Newspapers do lots of things well. They inform, they expose, and they’re good for giving your windows a streak-free shine. But one thing they generally fail at is coming clean when they’ve made a mistake — and the Herald recently made one of the biggest imaginable.
Last Friday, the Herald ran a story (and I use that term intentionally) about Spencer’s Coffeehouse, which I own and operate. Herald photographer Chris Fryer had visited the day prior, and was professional, courteous and asked good questions. However, I never heard from a reporter.
The next day, my staff greeted me with jokes about our new employee, “Chelsea.” Quoted in the story, she supposedly worked for me for three years; it was news to me! And as I read the story closely, I knew that this was no “error,” but an absolute fabrication. Every quote in the story sounds like dialogue from a made-for-TV movie, and the names of the story’s supposed “regular customers” are foreign to me and my staff. How the story didn’t raise red flags among the Herald’s editors is beyond me.

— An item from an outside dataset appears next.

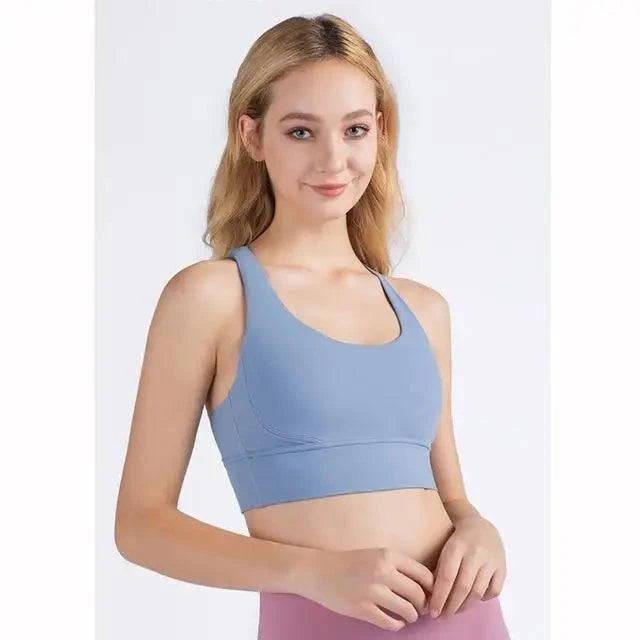 Women's Nylon Breathable Yoga Sports Bra Top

“But,” you may ask, “why complain? It was a positive story!” It was, and I’m glad the Herald saw fit to do an article on our shop. But as a Herald alum and recovering professional journalist, I feel obliged to object. The reporter has been sacked, which is a start, but anyone reading the “From the Editor” apology in Tuesday’s Herald would be hard-pressed to say exactly what the reporter did wrong. “Created information” is the way the note put it; this is a bit like calling torture an “enhanced interrogation technique.” What she did was to write an absolute fiction, plain and simple.
Does “Bowling Green resident Chelsea Daly” even exist? If she’s really a 2007 graduate, she’d show up in alumni records; she doesn’t. What about “Leah Sommers,” who the Herald admits doesn’t work at the police department as the article says? I’ve got a free latte for anyone who can prove these people exist. And the article’s claim that I “couldn’t be reached for comment” is simply false.
It would’ve been easier for the reporter to stroll down the hill and talk to actual people. But almost as bad is that the Herald spent so much effort in crafting a long note about “factual errors,” when they could’ve written a three-sentence correction that read: “Spencer’s Coffeehouse, as referenced in our front-page story, does exist. The people in the story did not. Sorry for the inconvenience.”
But there is a bright side. For one, this could push the Herald’s student journalists to take the weight of their responsibility a little more seriously. And the reporter may now be able to admit her true calling, and switch departments to major in English with an emphasis in creative writing.
This commentary does not represent the views of the Herald or the university.


















She should have been fired instead of suspended for the rest of the semester.
HAHAHAHA!
First of all, I find this “commentary” highly unprofessional. The fact that it was printed in the first place shows the Herald’s desire to create drama when none is necessary. The Herald’s editorial board should take a look at their practices and try their best to act like professionals.
On another note, I have a few questions:
1) Was it absolutely necessary to print such a large “retraction” in the paper? (It was more accusatory than anything else.)
2) Is it really in the paper’s best interest to print this commentary? It creates more drama when it could have been easily forgotten.
3) Have you looked at all of your reporters under such a microscope as you have with this one? They ALL need to be examined. You cannot single out one when all of them have been guilty of printing false/wrong information in the past.
Please, from now on, think before you print.